● ABOUT THIS EXERCISE
Leaving every picture out, please return exactly the lines from the top of the material below through the line with "Nothing is more", both included.

########################################

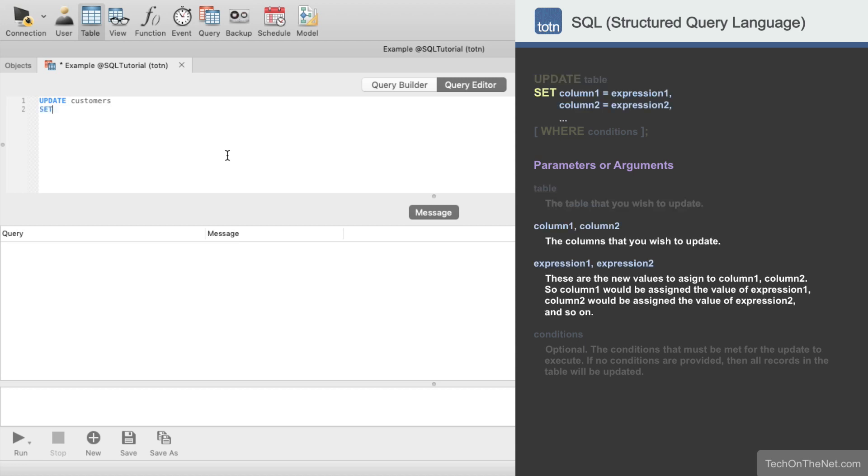Next we need to enter the Set keyword. This is where we enter the list of columns that we want to update and the values that we want to update to. In this example we'll enter FirstName equals Judy. Now the query knows to set the FirstName column to Judy in the Customers table.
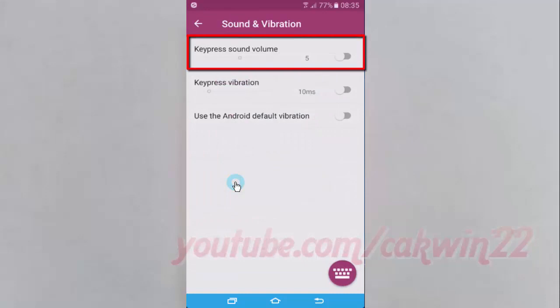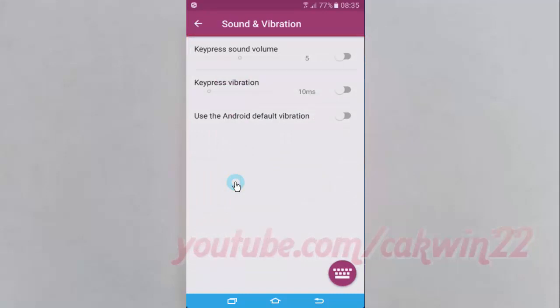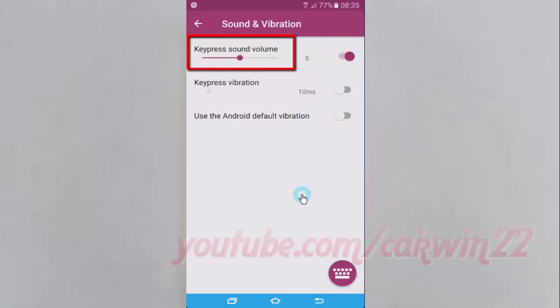Turn on keypress sound volume. Slide the keypress sound volume slider to the left to decrease, or slide to the right to increase.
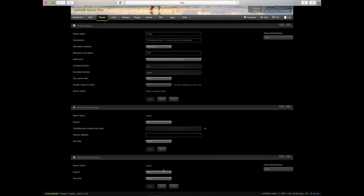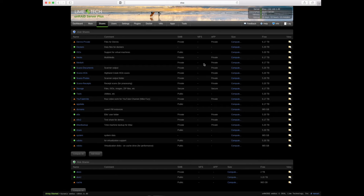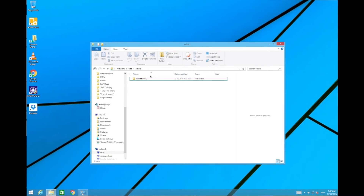Your allocation method and included disks settings don't really matter because you're not going to be on the array — as soon as you check 'use cache drive only' it goes on the cache disk, and if your cache drives are mirrored it'll be mirrored as well. In my case I've got a single cache disk. You should still back this up at some point since you're not getting the protections of the array. I set this as a public share, which is fine since the server is secured and you can't really log into the virtual disk directly. Now the trick is to move the file from vdisks to vdisks-c.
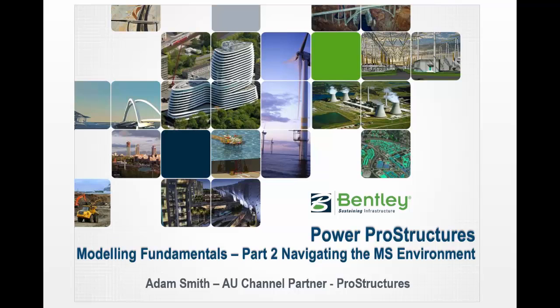Welcome to Modeling Fundamentals in PowerPro Structures. In this second part, we'll be navigating around the MicroStation environment and I'll have a few tasks for you to practice. I'd really strongly encourage that you practice these until you're confident in using these tools, because if you can't get these basic fundamentals of navigating around the model, then nothing else matters, particularly when it comes to 3D modeling of steel and concrete.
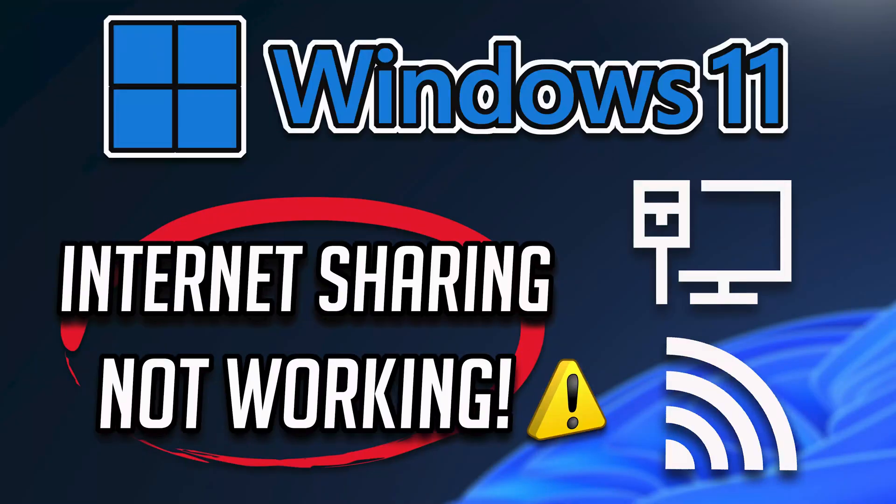In this tutorial, you will learn how to fix internet connection sharing not working in Windows 11 and Windows 10.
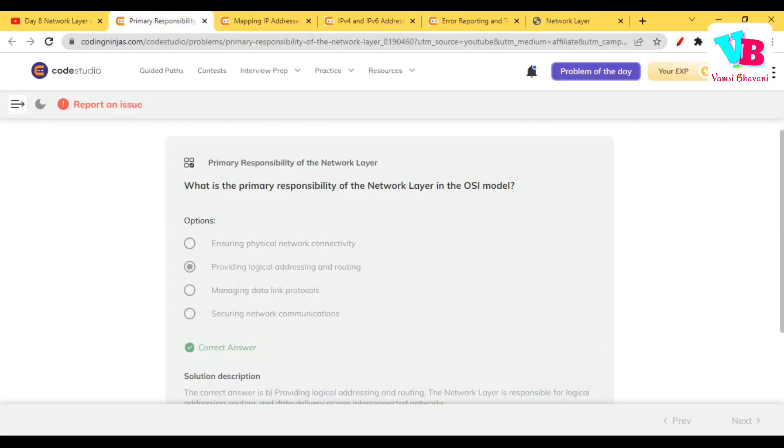Before that, let's look at previous day assignment questions. Question number 1: What is the primary responsibility of the network layer in the OSI model? First is logical addressing, second is routing.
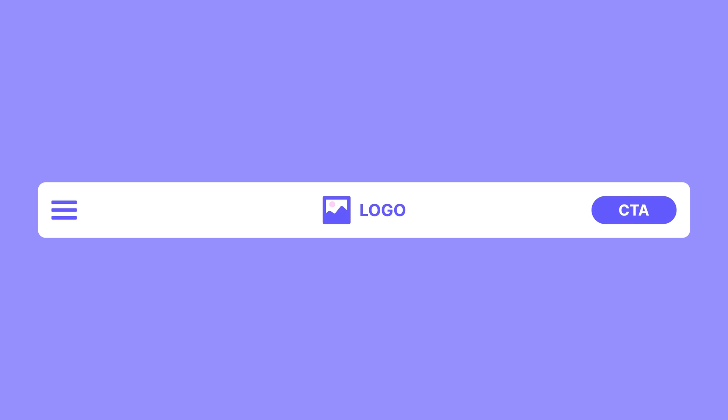Nothing is more annoying as a user than reaching the middle of a long page and having to scroll all the way back up just to get to a different page. This also means: avoid hamburger menus on desktop. They may look fancy, but they're just an extra click — an extra action users need to take — which goes against making it easy for them to find things.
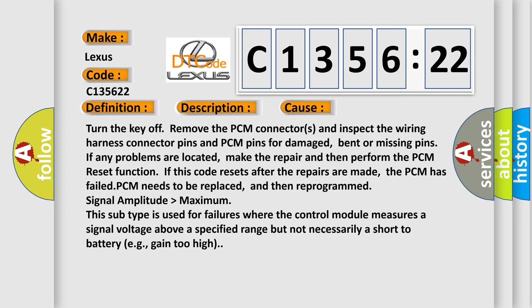This diagnostic error occurs most often in these cases. Turn the key off, remove the PCM connectors and inspect the wiring harness connector pins and PCM pins for damaged, bent or missing pins. If any problems are located, make the repair and then perform the PCM reset function. If this code resets after the repairs are made, the PCM has failed.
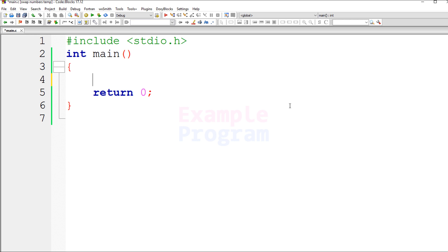Welcome to example program. In this video we will see how we can write a simple C program to swap the numbers stored in the two variables.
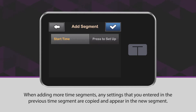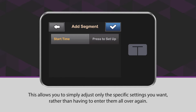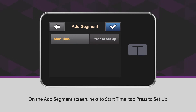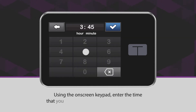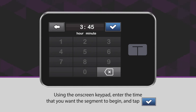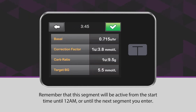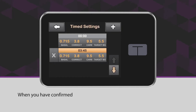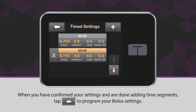When adding more time segments, any settings that you entered in the previous time segment are copied and appear in the new segment. This allows you to simply adjust only the specific settings you want, rather than having to enter them all over again. On the Add Segment screen, next to Start Time, tap Press to Set Up. Using the on-screen keypad, enter the time that you want the segment to begin and tap the blue checkmark icon. Remember that this segment will be active from the start time until 12 a.m. or until the next segment you enter. When you have confirmed your settings and are done adding time segments, tap the back arrow icon to program your bolus settings.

########################################

● RESPONSE AREA
Next we need to enter the Set keyword. This is where we enter the list of columns that we want to update and the values that we want to update to. In this example we'll enter FirstName equals Judy. Now the query knows to set the FirstName column to Judy in the Customers table.
Turn on keypress sound volume. Slide the keypress sound volume slider to the left to decrease, or slide to the right to increase.
Your allocation method and included disks settings don't really matter because you're not going to be on the array — as soon as you check 'use cache drive only' it goes on the cache disk, and if your cache drives are mirrored it'll be mirrored as well. In my case I've got a single cache disk. You should still back this up at some point since you're not getting the protections of the array. I set this as a public share, which is fine since the server is secured and you can't really log into the virtual disk directly. Now the trick is to move the file from vdisks to vdisks-c.
Welcome to Modeling Fundamentals in PowerPro Structures. In this second part, we'll be navigating around the MicroStation environment and I'll have a few tasks for you to practice. I'd really strongly encourage that you practice these until you're confident in using these tools, because if you can't get these basic fundamentals of navigating around the model, then nothing else matters, particularly when it comes to 3D modeling of steel and concrete.
In this tutorial, you will learn how to fix internet connection sharing not working in Windows 11 and Windows 10.
Before that, let's look at previous day assignment questions. Question number 1: What is the primary responsibility of the network layer in the OSI model? First is logical addressing, second is routing.
Nothing is more annoying as a user than reaching the middle of a long page and having to scroll all the way back up just to get to a different page. This also means: avoid hamburger menus on desktop. They may look fancy, but they're just an extra click — an extra action users need to take — which goes against making it easy for them to find things.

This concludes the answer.